As of 14 October, AUMA has fallen to £31.2bn, a drop of 9% from July’s figure.
In the three months to 30 September, AUMA fell £2.6bn, as outflows of £1.6bn combined potently with poor market performance. The vast majority of those outflows came from the firm’s UK retail funds and MPS, from which investors pulled just over £1bn.
With regards to the asset manager’s performance during the six months to 30 September, the acquisition of Majedie Asset Management in April papered over cracks in some areas, largely in institutional accounts and investment trusts. In all, the acquisition brought a total of £5.2bn of assets under Liontrust’s umbrella. As a result, the quarter ending 30 June actually saw growth in AUMA, from £33.55bn on 1 April to £34.25bn on 1 July.

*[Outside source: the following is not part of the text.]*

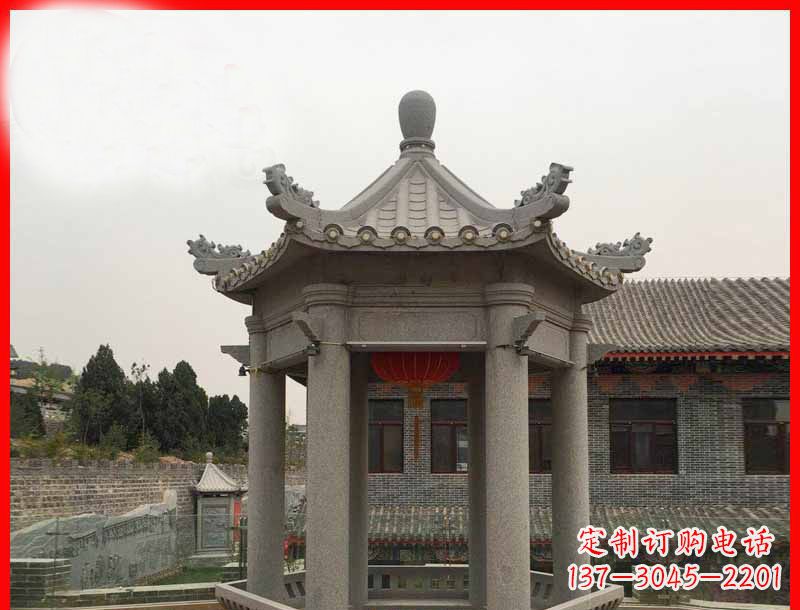 青岛大理石六角凉亭公园石雕 (4)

However, the six months to 30 September as a whole saw net £2.2bn withdrawn from the FTSE 250 fund manager’s strategies, and this was exacerbated by a loss of £4.8bn due to the trying market conditions. As a consequence, AUMA for the period dropped 5.5%.
The firm’s UK retail funds and MPS make up the lion’s share of the firm’s assets under management and advice, and unsurprisingly they took the largest hit. AUMA in this area dropped from £30.1bn on 1 April to £25.8bn by 30 September, a fall that was only partially offset by the addition of £878m from Majedie’s funds in this particular sector.
Only Liontrust’s alternative funds experienced positive net inflows across the six-month period, with £540m being added to the pot. An injection of £395m came from the Majedie acquisition, and net £172m of client money flowed in. Only £27m was lost as a result of poor market and investment performance.
Of its 38 UK funds, 28 were ranked in the third or fourth quartile for performance in the last year. Nine were in the first quartile, including the Liontrust UK Growth and Liontrust UK Smaller Companies funds.
John Ions (pictured), CEO of Liontrust, said: “Despite the challenging period for markets and Liontrust that we have been experiencing this year, I am confident about the strengths of our business and the long-term value we can offer clients. We have rigorous processes across the business to enable us to achieve our long-term strategic objectives and create opportunities for growth.
“After decades of low inflation and cheap liquidity, we have entered a new environment for investors. In the future, successful asset managers will be those that excel at distribution, have a strong brand and are innovative at product development for multiple distribution channels, in addition to strong investment management.”
He continued: “The recent acquisition of Majedie focused on its institutional investment capability and client base. Combining these with a strong brand and product development capabilities provides a firm foundation for future growth.
“Looking ahead, we will continue to focus on expanding our sales by funds, geographies and clients. With the excellence of our investment teams, distribution and brand, underpinned by our strong balance sheet, Liontrust is well positioned to generate future growth.”